Henrik Grim, MD of Europe at Capchase, says, “Expanding in the UK and appointing Alex is the latest in a series of major milestones for Capchase in an incredibly short period of time. Our new London HQ will give us an even greater presence right at the heart of Europe’s tech and financial industries.”

Capchase expanded its operation to the Netherlands and Belgium earlier this month, and to the Nordic region (Denmark, Sweden, and Finland) in January. 

Alex McCracken appointed Head of Venture Relationships

The US lending company made its first hire and appointed Alex McCracken as Head of Venture Relationships. He will lead Capchase’s relationship with venture capital firms and clients from the new London office. 

Grim says, “Alex’s considerable experience and network in the venture capital industry and as an entrepreneur will enable us to increase our footprint, provide a launchpad for further expansion, and enable more founders to grow faster without dilution.” 

Alex joins Capchase from Silicon Valley Bank, where he spent over a decade as Managing Director for Corporate and Venture Relationships in Europe. Prior to this, Alex was Investment Manager at TTP Ventures.
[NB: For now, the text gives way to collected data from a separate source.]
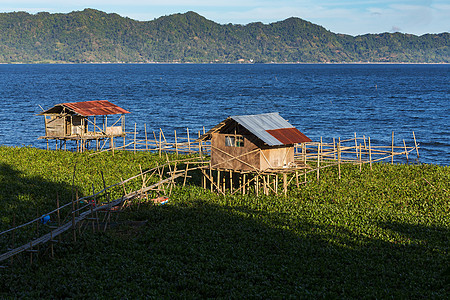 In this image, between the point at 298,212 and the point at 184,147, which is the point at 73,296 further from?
the point at 184,147

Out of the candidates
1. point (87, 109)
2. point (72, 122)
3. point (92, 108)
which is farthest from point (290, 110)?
point (72, 122)

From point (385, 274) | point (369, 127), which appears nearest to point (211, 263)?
point (385, 274)

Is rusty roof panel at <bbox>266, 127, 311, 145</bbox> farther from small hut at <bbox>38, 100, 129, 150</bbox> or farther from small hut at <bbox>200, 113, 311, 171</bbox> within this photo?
small hut at <bbox>38, 100, 129, 150</bbox>

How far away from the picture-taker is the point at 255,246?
2225 centimetres

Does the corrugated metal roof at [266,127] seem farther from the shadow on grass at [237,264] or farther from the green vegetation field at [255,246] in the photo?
the shadow on grass at [237,264]

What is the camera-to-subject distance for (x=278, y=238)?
76.0 ft

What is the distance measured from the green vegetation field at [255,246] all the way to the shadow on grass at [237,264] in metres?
0.05

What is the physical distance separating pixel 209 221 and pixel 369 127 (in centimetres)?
4966

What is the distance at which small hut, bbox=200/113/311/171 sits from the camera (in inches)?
1225

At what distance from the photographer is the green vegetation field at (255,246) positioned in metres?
18.3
Earlier in his career, Alex co-founded TISS Ltd which developed and sold fuel efficiency systems for road haulage vehicles.

Capchase expects to grow its London team to 15 employees in the next two months. 

McCracken says, “Being a former entrepreneur, VC and then a lender has given me experience on all sides of fundraising. Since Capchase is half the cost of venture debt and requires no security or warrants, I can see why the demand for Capchase’s range of non-dilutive funding products is so high. I look forward to helping drive our growth even further in Europe.”

Capchase: What you need to know

Founded in 2020 by Ignacio Moreno, Luis Basagoiti, Miguel Fernandez, and Przemek Gotfryd, Capchase helps SaaS companies finance the growth of their operations with cash tied up in future monthly payments.

Capchase claims to have witnessed strong growth in 2021 and provided about $1.6B in funds to entrepreneurs throughout the year. Currently, the European market alone accounts for 25 per cent of Capchase’s business.

Capchase estimates that 15 per cent of the capital it has provided has been to female and minority-led startups. In contrast, only 2-3 per cent of venture capital deals struck in 2021 went to female and minority-led startups. 

Grim adds, “It is also worth noting that 15% of the funding we have made available has gone to founders from underrepresented groups. While there’s still much more work to be done, we’re delighted that this is significantly higher than the averages for VC deals. It shows that the Capchase model opens the door to many more founders to secure capital.”